General characteristics
- Class & type: Hunt-class destroyer
- Displacement: 1,000 long tons (1,016 t) standard; 1,340 long tons (1,362 t) full load;
- Length: 85 m (278 ft 10 in) o/a
- Beam: 8.8 m (28 ft 10 in)
- Draught: 3.27 m (10 ft 9 in)
- Propulsion: 2 Admiralty 3-drum boilers; 2 shaft Parsons geared turbines, 19,000 shp;
- Speed: 27.5 knots (31.6 mph; 50.9 km/h); 26 kn (30 mph; 48 km/h) full;
- Range: 3,500 nmi (6,500 km) at 15 kn (28 km/h); 1,000 nmi (1,900 km) at 26 kn (48 km/h);
- Complement: 146
- Armament: 4 × QF 4 in Mark XVI guns on twin mounts Mk.

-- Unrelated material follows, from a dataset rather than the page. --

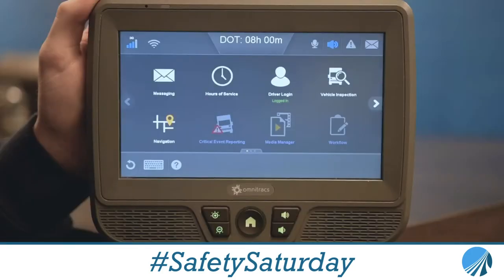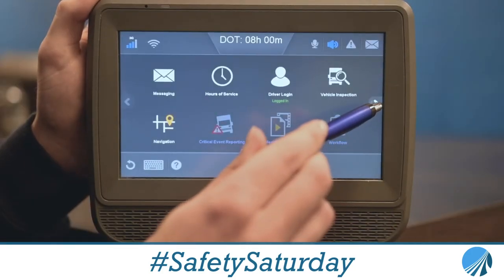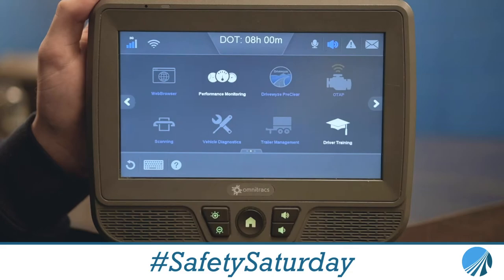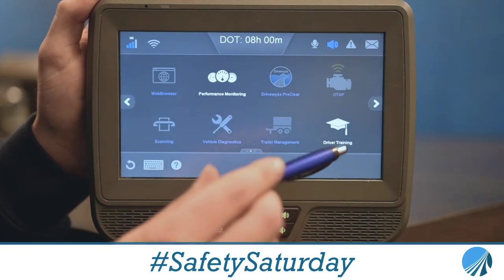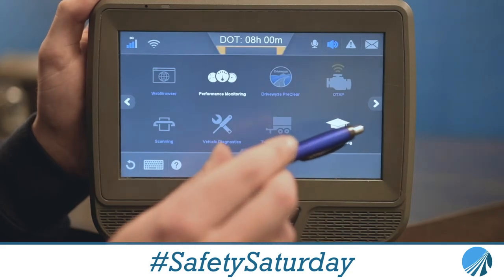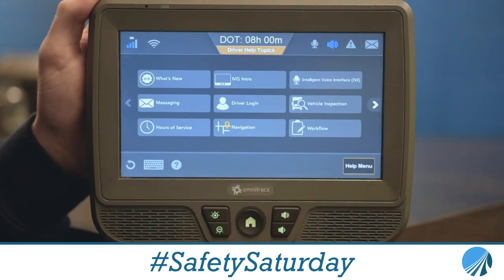First, let's take a look at how to access it through the Qualcomm. All you have to do to get to the user manual on the device is click the arrow to the right once and click Driver Training. It'll pull this screen up. This helps you if you need help with hours of service, messaging, driver login, and much more.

XIX; 4 × QF 2 pdr Mk. VIII on quad mount MK.VII; 2 × 20 mm Oerlikons on single mounts P Mk. III; 40 depth charges, 2 throwers, 1 rack;

= HMS Quorn (L66) =

Destroyer of the Royal Navy

HMS Quorn was a destroyer of the Royal Navy, built in 1940 and sunk off the Normandy coast on 3 August 1944. The class were named after British fox and stag hunts, in this case, the Quorn Hunt, which was originally based in Quorn Leicestershire.

Quorn was built by J. Samuel White and Co. at Cowes, Isle of Wight. A Type 1 Hunt-class destroyer, she was launched on 27 March 1940 and completed on 21 September 1940 with the pennant number L66. She was adopted by the civil community of Rushden, Northamptonshire, as part of Warship Week in 1942.

==Service history==
===1941===
Quorn joined the 21st Destroyer Flotilla at Harwich. The flotilla undertook convoy protection, anti-shipping and patrol duties. Quorn stayed with the flotilla for the whole of her commission. In April Quorn was superficially damaged by two delay-action bombs, that exploded 20 m from her port quarter.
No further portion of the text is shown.